Algunos señores godos comentaban y celebraban las noticias,
burlándose de los terrores del vulgo, en una casa de recreo, no lejos de
la capital y a orillas del camino, cuando sonaron algunos golpes en la
puerta. Un criado anunció poco después que pedía hospitalidad un soldado
rendido de cansancio.
—¿De dónde vienes? —preguntó el dueño de la casa.
—Viene de la guerra. Su caballo ha caído muerto de fatiga delante de la puerta.
—¡Que entre, que entre! —dijeron todos, levantándose de sus asientos y
dejando los vinos y manjars para saciar el hambre de noticias.
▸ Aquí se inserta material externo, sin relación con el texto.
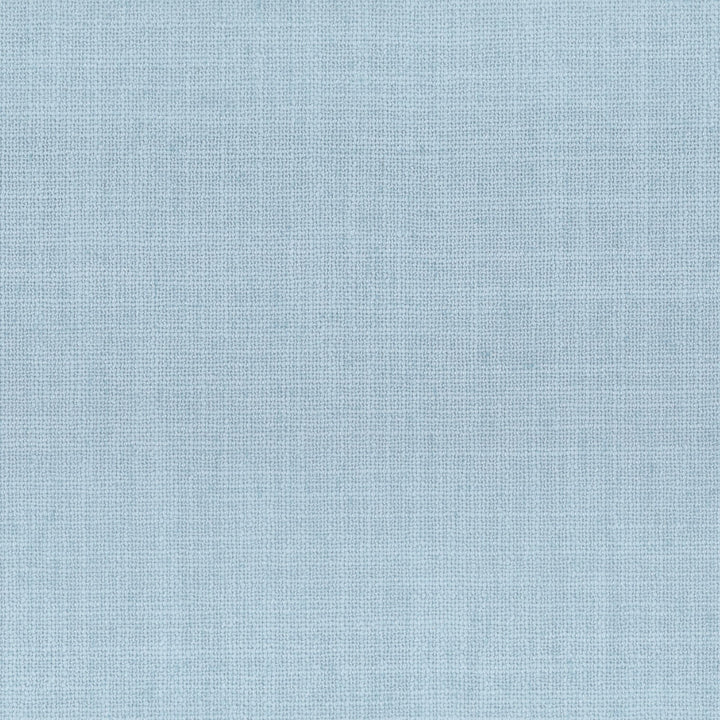 Flinch 1 Chambray by Stout Designer Fabric LIVING IS EASY CHAMBRAY/NAVY 88%POL 12%LIN CHINA PERFORMANCE RATED FABRIC FLAME RETARDANT-U.F.A.C. CLASS 1 FLAME RETARDANT-N.F.P.A. 260A CLASS 1 CATB 117-2013 WYZENBEEK 50 000 DOUBLE RUB WEAR TEST (HEAVY DUTY) Horizontal: 0 and Vertical: 0 54 in - Swanky Fabrics -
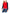 tommy-hilfiger-colorblocked-fleece-sweatshirt
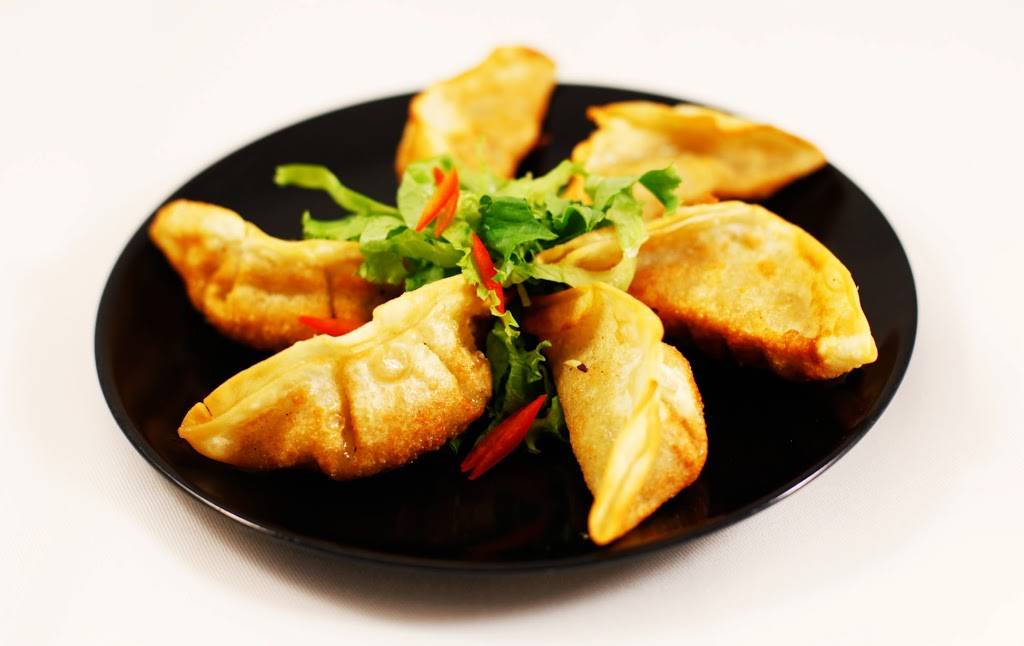 DAE GEE KOREAN BBQ | restaurant | 7570 Sheridan Boulevard, Arvada, CO 80003, USA | 7205400700 OR +1 720-540-0700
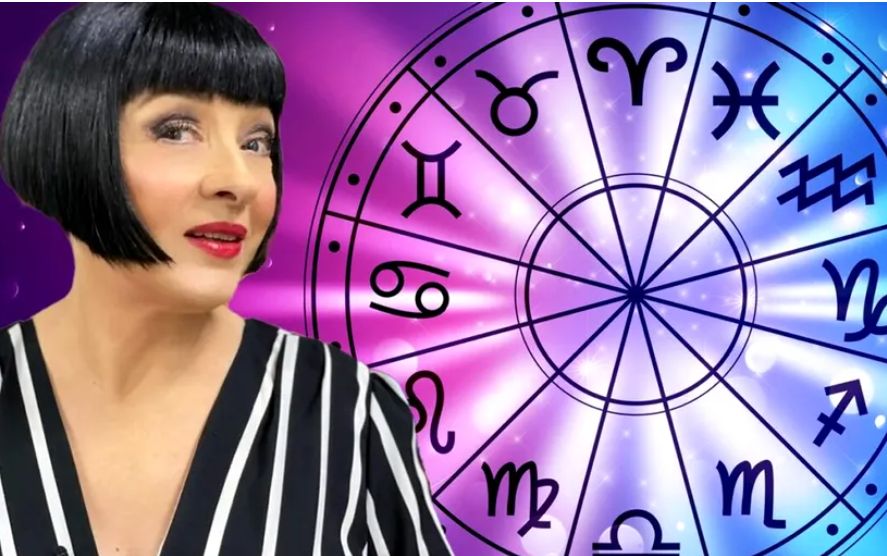 Februarie 2026 aduce câștiguri consistente pentru această zodie! Anunțul făcut de Neti Sandu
Abriose otra vez la puerta y apareció en ella un soldado, con la
armadura abollada e incompleta, todo el cuerpo empolvado y el rostro
abatido y descompuesto.
—¿Has asistido a la batalla?
—¿Es cierta la muerte del rey?
—¿Quién manda los ejércitos? ¿Qué caudillo han proclamado?
Y todos le preguntaban a la vez, sin darle tiempo a contestar.
—Ante todo, dadme de beber, que muero de sed y de cansancio.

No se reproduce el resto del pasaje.